Greg Rodgers in Alaska

I felt the line go tight in my hands and gave it a sharp jerk which proved to be too little too late.

About five feet from the boat, an enormous rainbow trout, even larger than the one I caught last year, jumped straight up out of the water, cleared its full body length, and came back down with a splash. It had been after my bead that I was fishing with. A very close miss on a record fish — damn! If I had not been in the presence of two other grown men, I probably would have cried.

We started the day at 5 a.m. as planned, but for various reasons did not make it into the water until around noon. I spotted one moose standing in knee deep water, but he never looked my direction. For being such large animals, sometimes I think their brains are out of proportion to their body sizes.

The shore just past the boat launch was covered with “combat fishermen”…those without boats that stand almost shoulder to shoulder and cast out hoping to snag a salmon. The poor salmon are running a gauntlet of hooks and lines, trying to reach their birthplace to spawn and die. It seems like this would be tough on the fish, but it is actually a good thing. I would rather someone get to eat them rather than have them die in vain and end up food for the water birds always keeping a close watch above us.

Luckily for us, we drifted right past the fishing gauntlet and down one of the prettiest rivers in the country — or world, in my opinion — the Russian River on the Kenai Peninsula.

Just like last year, the grand finale to the so-far-fishless (is that a word?) float, was running the rapids through the canyon at the end of the river. We made a brief stop to strap everything down and enjoy a cigar which I smoked until I couldn’t pinch it any more, and then we were off on a wild ride. Skip managed to steer us around all the larger rocks as we bounced over white swirls and waves.

capsized boat Russian River

Others were not so lucky. My heart sank as we passed one boat very similar to ours that had wrapped itself neatly around a boulder.

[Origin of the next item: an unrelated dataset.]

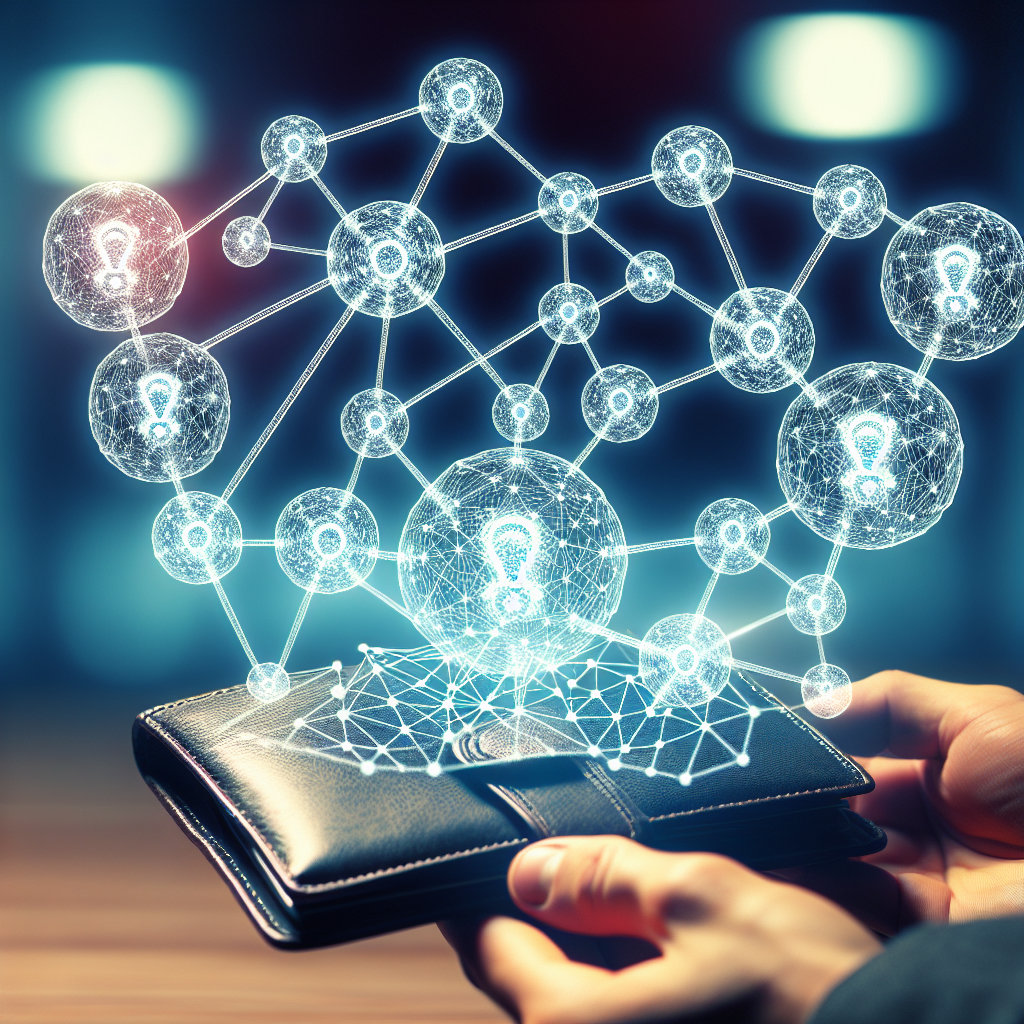 Maximizing Connectivity and Cost Efficiency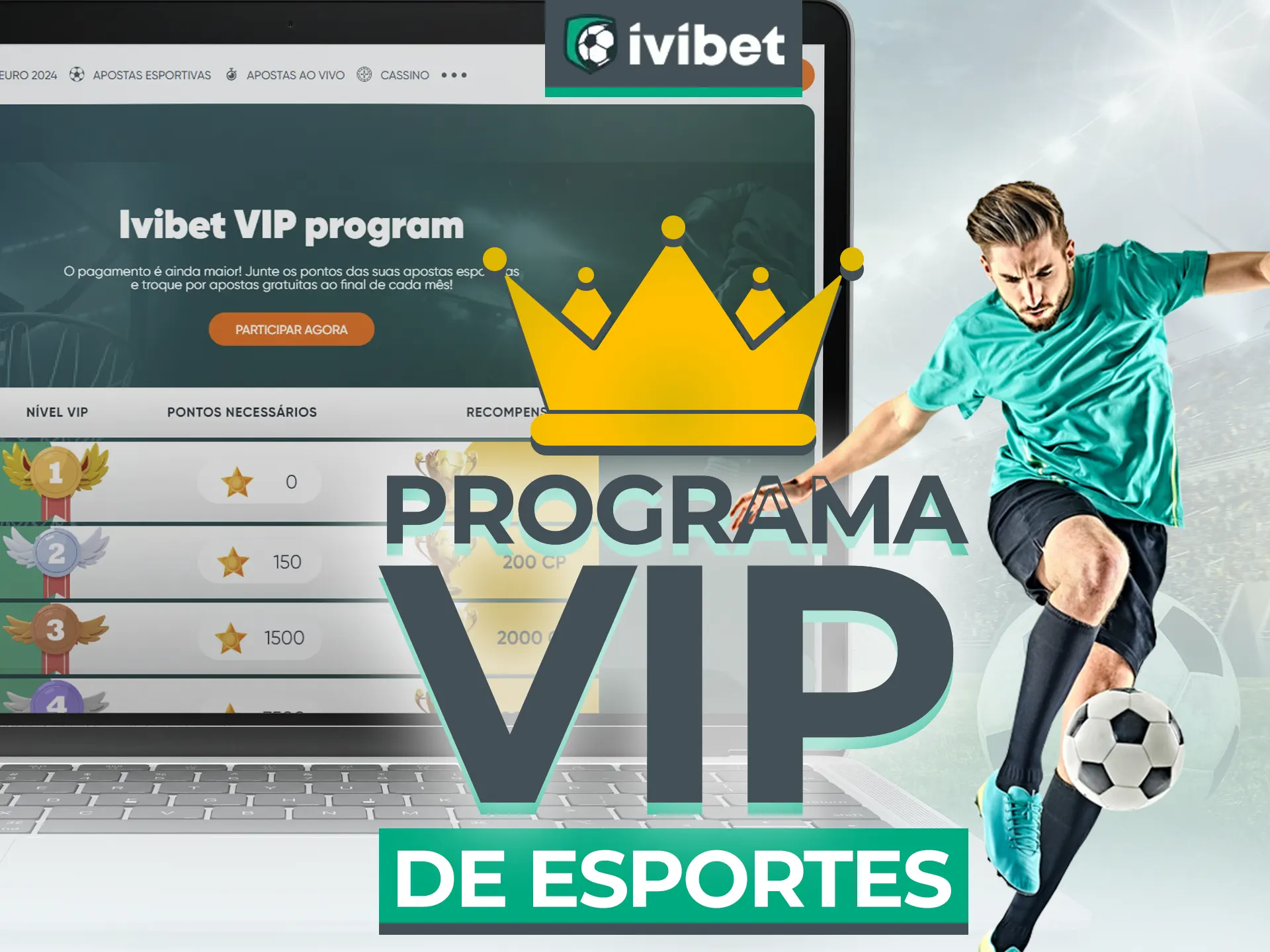 Apuestas deportivas brasil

The freezing water was crashing over top of it with a vengeance. The crew was missing, but the gear and such was downstream. Whether the impact hurt them or not, the icy glacier water would definitely present a problem if they had no way to get dry clothes fast. And by the looks of it, they may have lost their gear. Not good. These guys were probably fishermen just like ourselves out for a day of fun that had turned into a day of survival. I was suddenly very glad to have someone experienced behind our oars.

We finished the whitewater run and drifted to a stop at the mouth of the Russian River in Skilak Lake, the same lake that left a lasting impression on me last year. I hopped into the cold, knee-deep water and immediately could feel the chill through my rubber boots. With one eye looking up for bald eagles, I cast out over and over into the deep-channel water, praying for that one trout that has been waiting for me to come along all day. I looked up mid-cast to see Skip yelling from downstream, but I didn’t have to ask what it was: I already knew.

He had seen a bear.

I ran as fast as I could, one hand digging into my Gortex for my small camera, but by time I reached him it was too late. If I had been holding one of my own fishing rods, I probably would have slung it into the weeds like a frustrated golfer throws clubs. Anyone that followed my adventure here last year knows that for over a year now I have been dreaming of an encounter with a bear — preferably one which I survive — and now I had come this close, just to fail. Again. I knew that my only realistic chance of finding a bear was on this remote lake, a lake only reachable by two-day boat ride or float plane. My last chance at coming face to face with a grizzly would be somewhere around the cabin we were planning on using tonight.

Life is still fishless and bearless, but good.